TCU

TCU’s Patterson: Being undefeated not necessary to make College Football Playoff

TCU coach Gary Patterson speaks during a Big 12 football media day press conference Monday in Dallas.
TCU coach Gary Patterson speaks during a Big 12 football media day press conference Monday in Dallas. Star-Telegram

TCU coach Gary Patterson said the Horned Frogs, or any other team, will not have to be undefeated to make the College Football Playoff.

“Everybody slips up,” he said during his appearance at Big 12 Media Days at the Dallas Omni Hotel. “Ohio State lost to Virginia Tech last year, and they still won a national championship. So I don’t believe you have to be undefeated.”

Florida State was the only unbeaten among the four teams that qualified for the inaugural CFP last year. Alabama, Oregon and Ohio State each had one loss.

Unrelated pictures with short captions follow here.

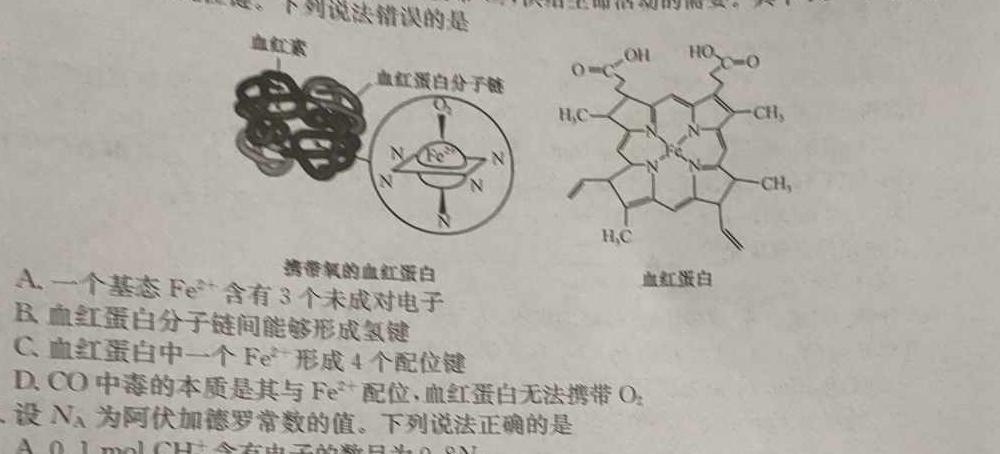 【热荐】安徽省2024年九年级教学质量检测考试化学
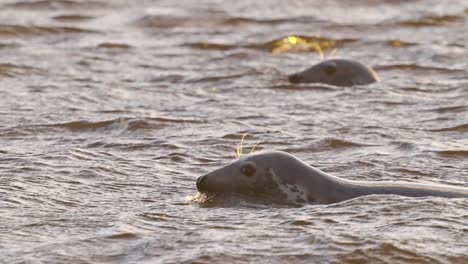 Pair-Of-Seals-Seen-With-Head-Above-In-Choppy-Waters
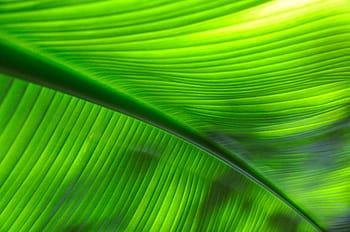 tropical, green, leaf, plant, leaves, tree, nature, tropical vegetation, tropics, rainforest, shine through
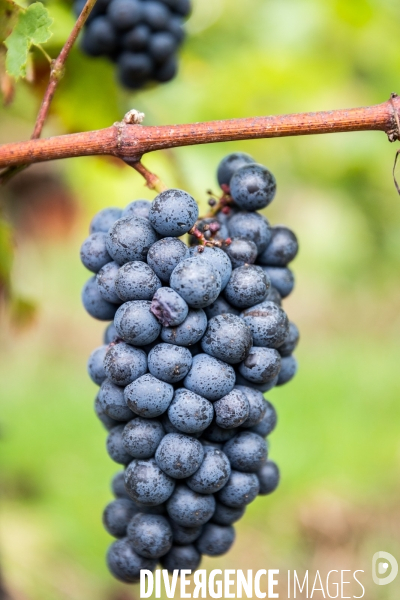 Vendanges 2016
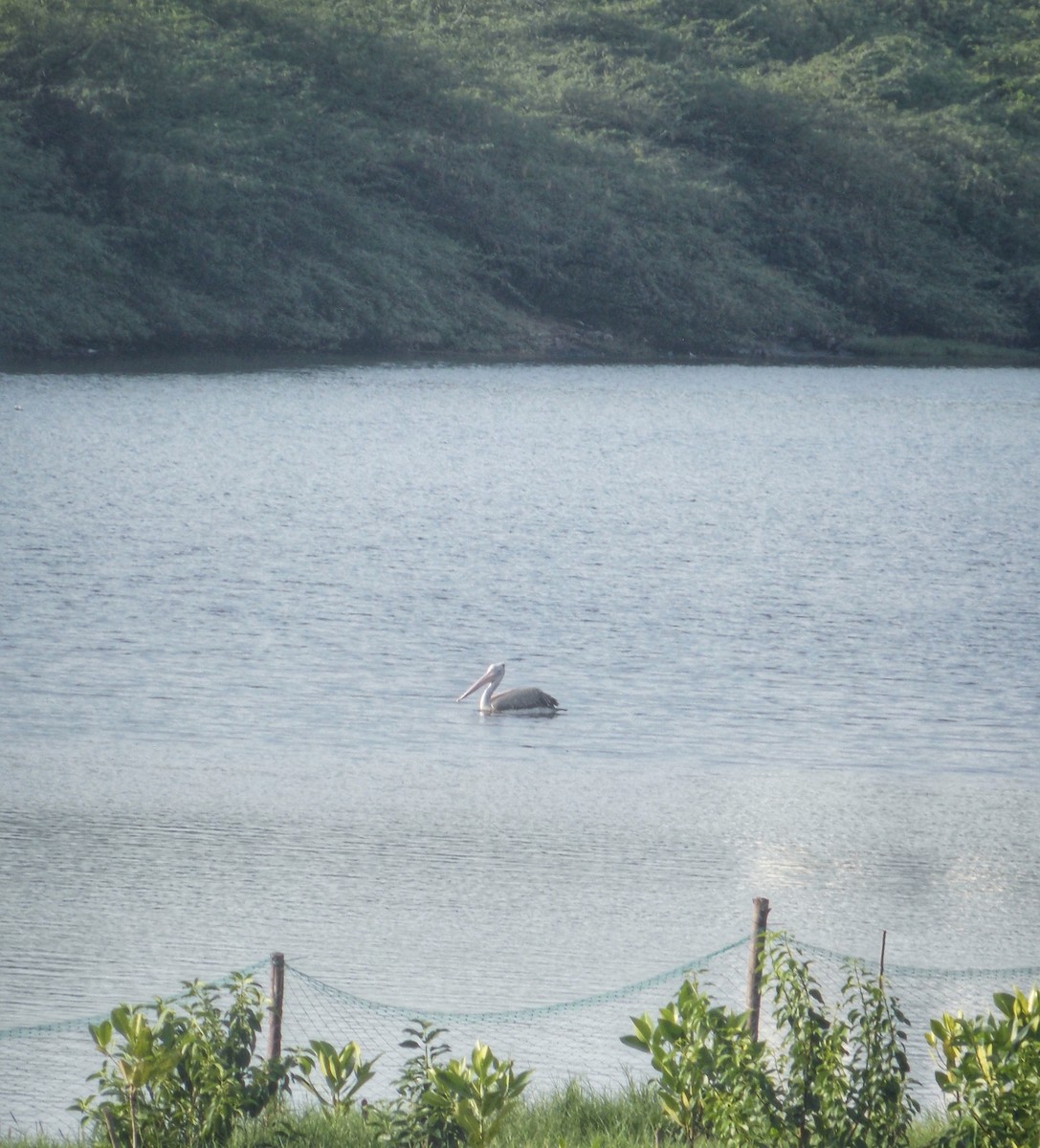 Spot-billed Pelican - ML637820396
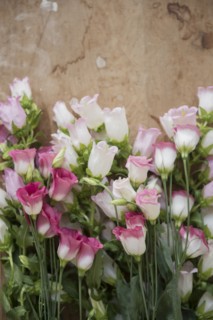 Flowers laying on wooden table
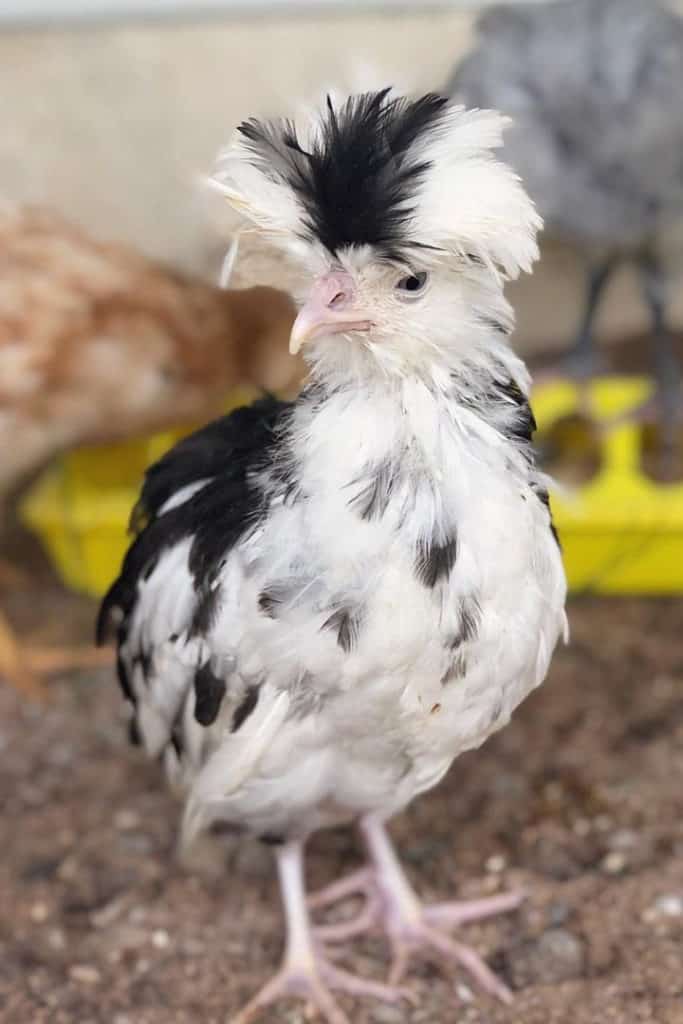 6 Rare Exotic Mottled Houdan Chicken Hatching Eggs 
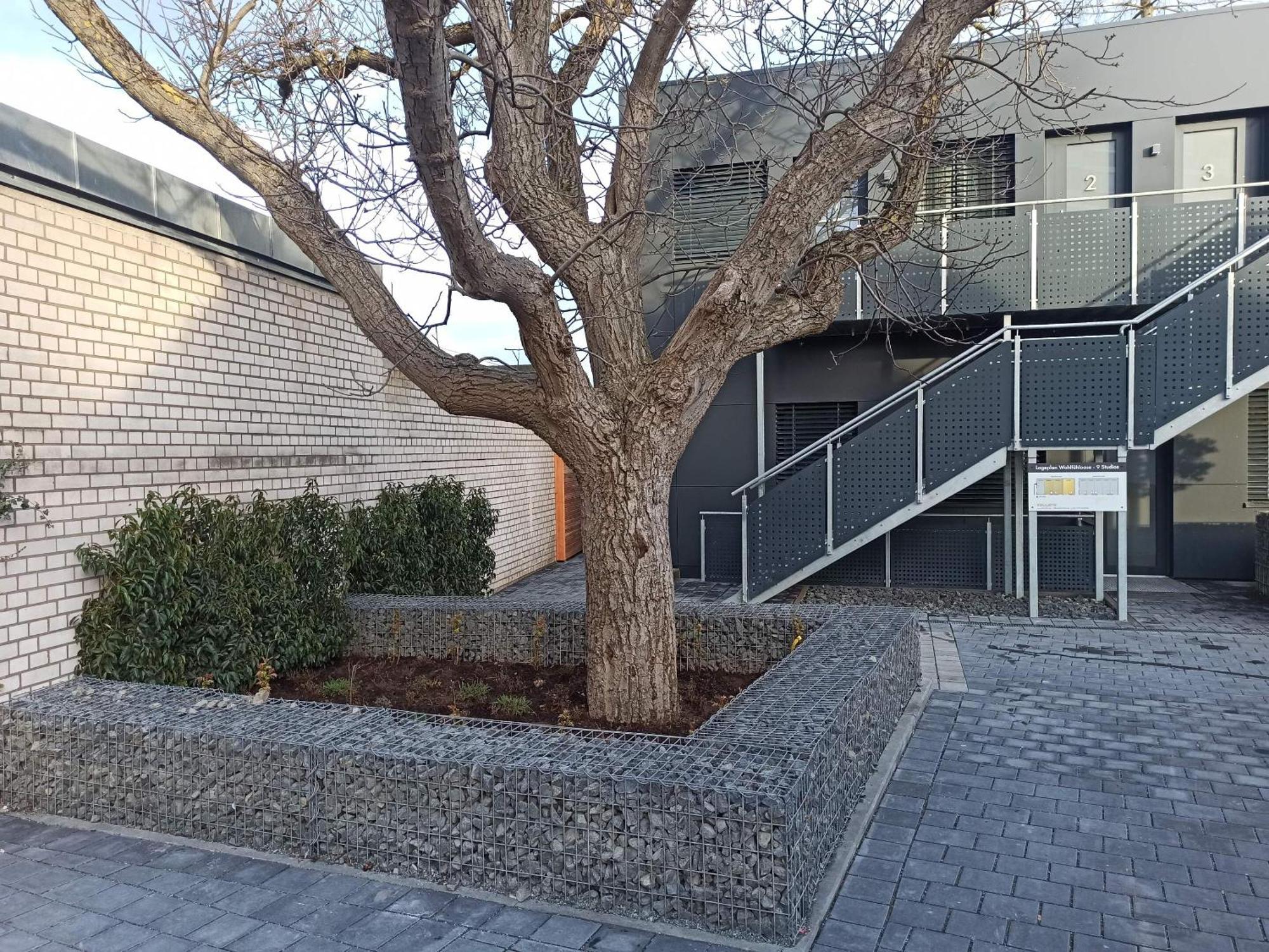 Xzllenz Traum Studio-Apartment, Frei-Parken, U-Bahn, Kueche Nürnberg Eksteriør billede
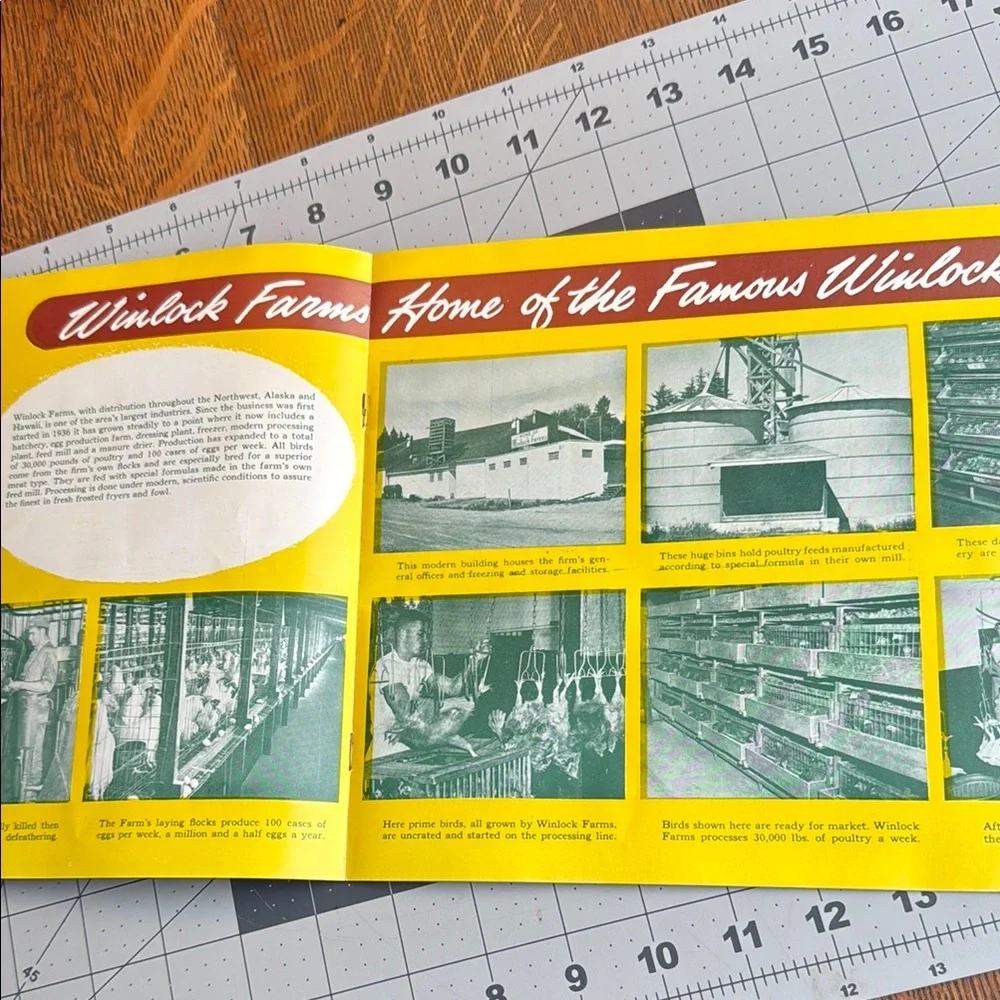 Vintage promotional booklet re Winlock, Washington w focus on poultry/hatchery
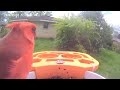 Red bird yesterday's video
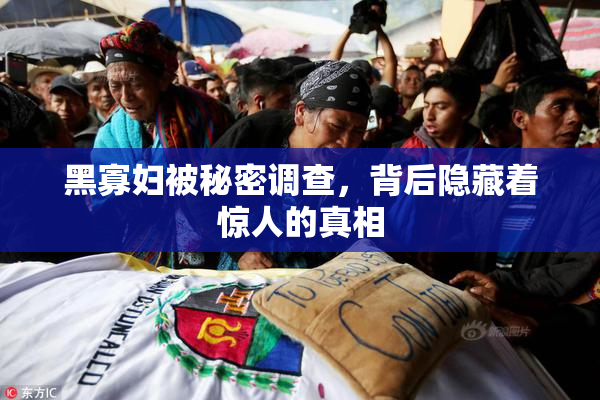 黑寡妇被秘密调查，背后隐藏着惊人的真相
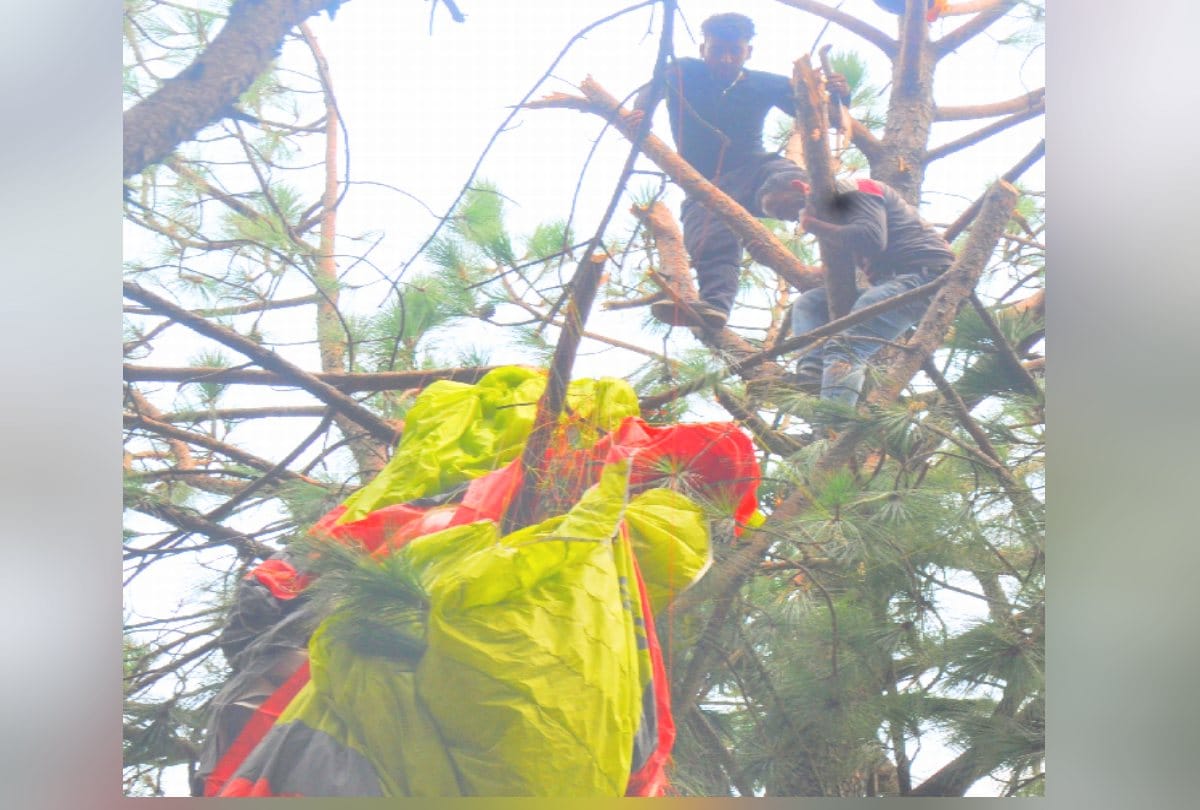 Paraglider stuck in tree, two pilots hanging for four hours in kangra himachal, see pics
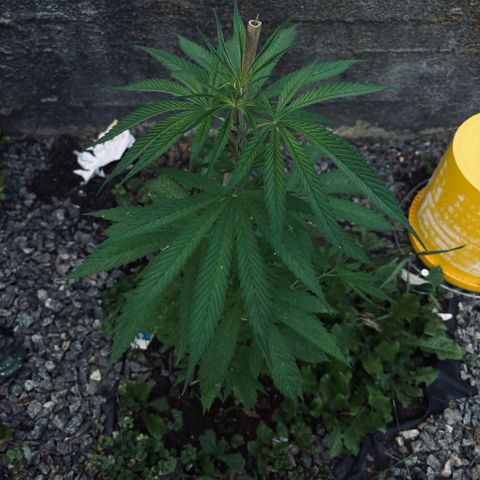 Royal Highness growlog timeline photo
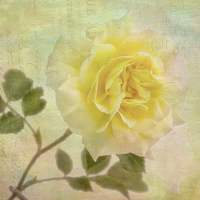 Buy canvas prints of Rose 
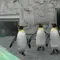雨の富良野旅行1日目 （旭山動物園）雨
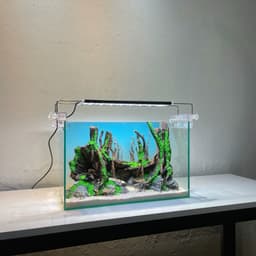 Layout Rừng Ver.13 | Chế Tác Từ Gỗ Lũa Tự Nhiên, Nhiều Kích Thước Cho Bể Từ 20-40cm | RF Aquarium 6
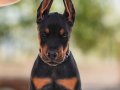 Duruşunda asalet olan Doberman yavrularım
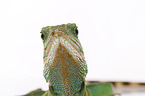 Grne Wasseragame Grner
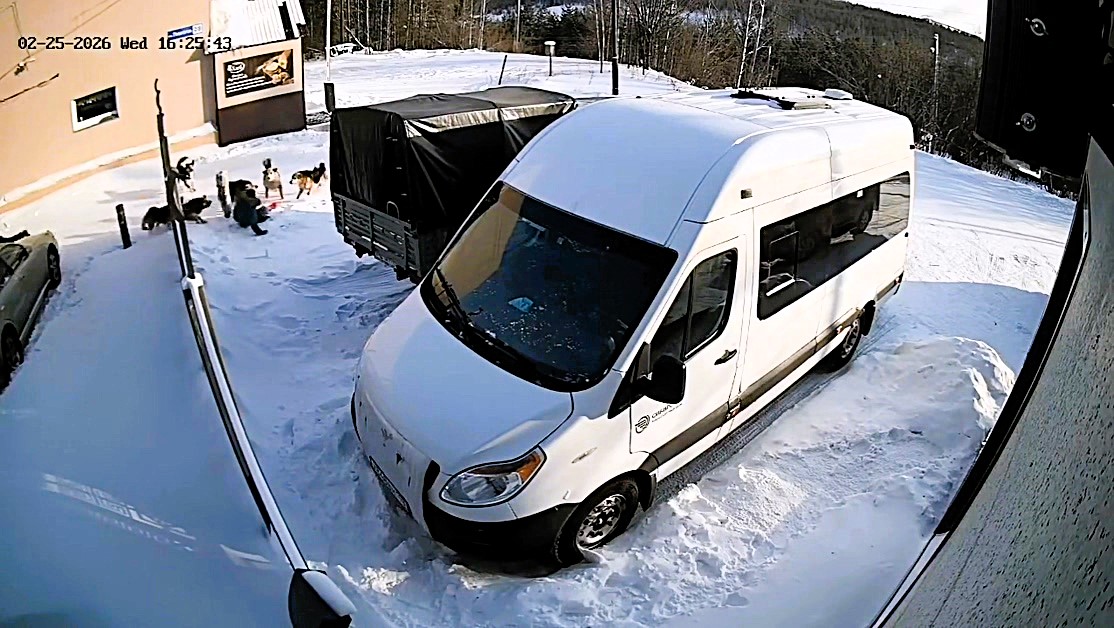 A woman was mauled by a pack of wild dogs after slipping on ice outside a hotel in Russia - before a brave guest rushed out to scare the snarling animals away from her.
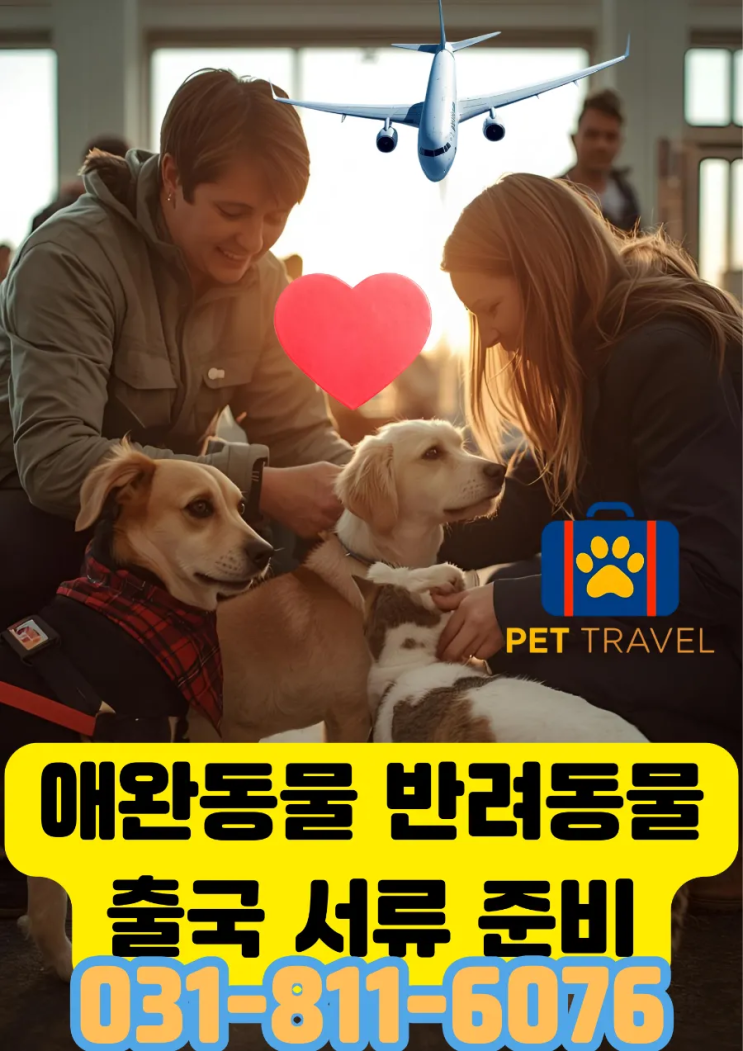  "애완동물 반려동물 해외출국 서류 대행, 안전하고 빠르게!"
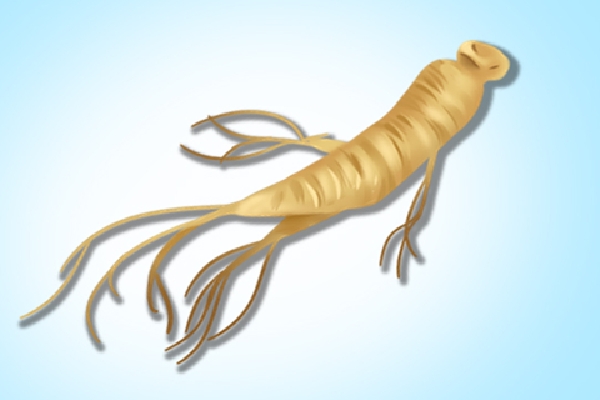 野山參的功效和吃法-易網健康<a href=http://www.jsjjzhkt.cn/jkys/ target=_blank class=infotextkey>養生</a>網 野山參的功效和吃法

TCU and Baylor also had one loss apiece but failed to make the field.

“Good is good. There were eight really good football teams last year,” Patterson said. “And I think I would have told you, before we even went into the season, every year there’s always about eight.

“There’s very few times that I ever look up and say, ‘Well, this team here, when I watch, is so much better than everybody else; they’re the favorite.’”

But Patterson said it’s still best to leave no doubt on your resume for the CFP.

“Our key is to control our own destiny, and the best way to do that is to try to win them all,” he said. “That’s what we’re going to try to get done. Then we’ll see how everything else falls.”

Boykin media blitz

Patterson said quarterback Trevone Boykin did a good job of handling the media attention this week, considering he is the preseason offensive player of the year in the conference media poll and a favorite for the Heisman Trophy.

“If you didn’t expect it, you did a poor job of getting up in the morning,” Patterson said. “As far as I can tell, I think he’s handling it pretty decently, keeping it in perspective.

“Any time you go from a 4-8 season to a 12-1, if you’ve forgotten where you came from you’re going to get yourself in a lot of trouble.”

Boykin said it’s part of his responsibility as the quarterback.

“It comes with the territory,” he said. “It’s things you have to deal with. You don’t let it go to your head, you don’t let it get too big. You try to stay as humble as possible. A lot of people don’t get this opportunity; it’s a blessing.”

Brainy freshmen

Patterson said many players from TCU’s 21-member freshman class have a chance to get on the field this season because of their intelligence.

“It’s the first time we’ve had this many smart football players coming in a class,” Patterson said. “A guy like Niko Small — he was offered by Stanford.

“You’ve got guys that have a lot of intelligence about them, along with ability. That sometimes gives young players an opportunity to play early.”

Linebackers Mike Freeze and Alec Dunham also helped themselves by enrolling early, Patterson said.

“They went through a whole spring and off-season,” he said. “It’s like being through a whole year of football, and already you can tell they’re a lot different in this defense than they were.”

LSU one-game explained

Patterson said he opted for a one-game neutral-site date with LSU, the 2013 season opener at AT&T Stadium in Arlington, rather than go home-and-home, because he was trying to guard against injury and “overscheduling.”

In the latter scenario, the Frogs would have traveled to Baton Rouge last year, but instead played Samford at home.

“We might still have won the game, but what happens if we would have lost our quarterback?” Patterson said. “And that game would have been right before we played Oklahoma, then Baylor, then Texas Tech, then Oklahoma State.”

Patterson said “overscheduling” is the same as having too many practices in pads because it wears down a team. He aims to play one “stretch” game, one 50-50 game and one winnable game prior to conference play.

“What you want to do is build confidence coming out of your non-conference schedule, and you don’t want to be beat up,” he said.

Patterson said a team can usually get up for five to seven high-emotion/high-stakes games per season.

“The other games, you just have to find a way to win,” he said. “If you have to use those cards in your non-conference schedule, it makes it a lot tougher in your regular schedule.”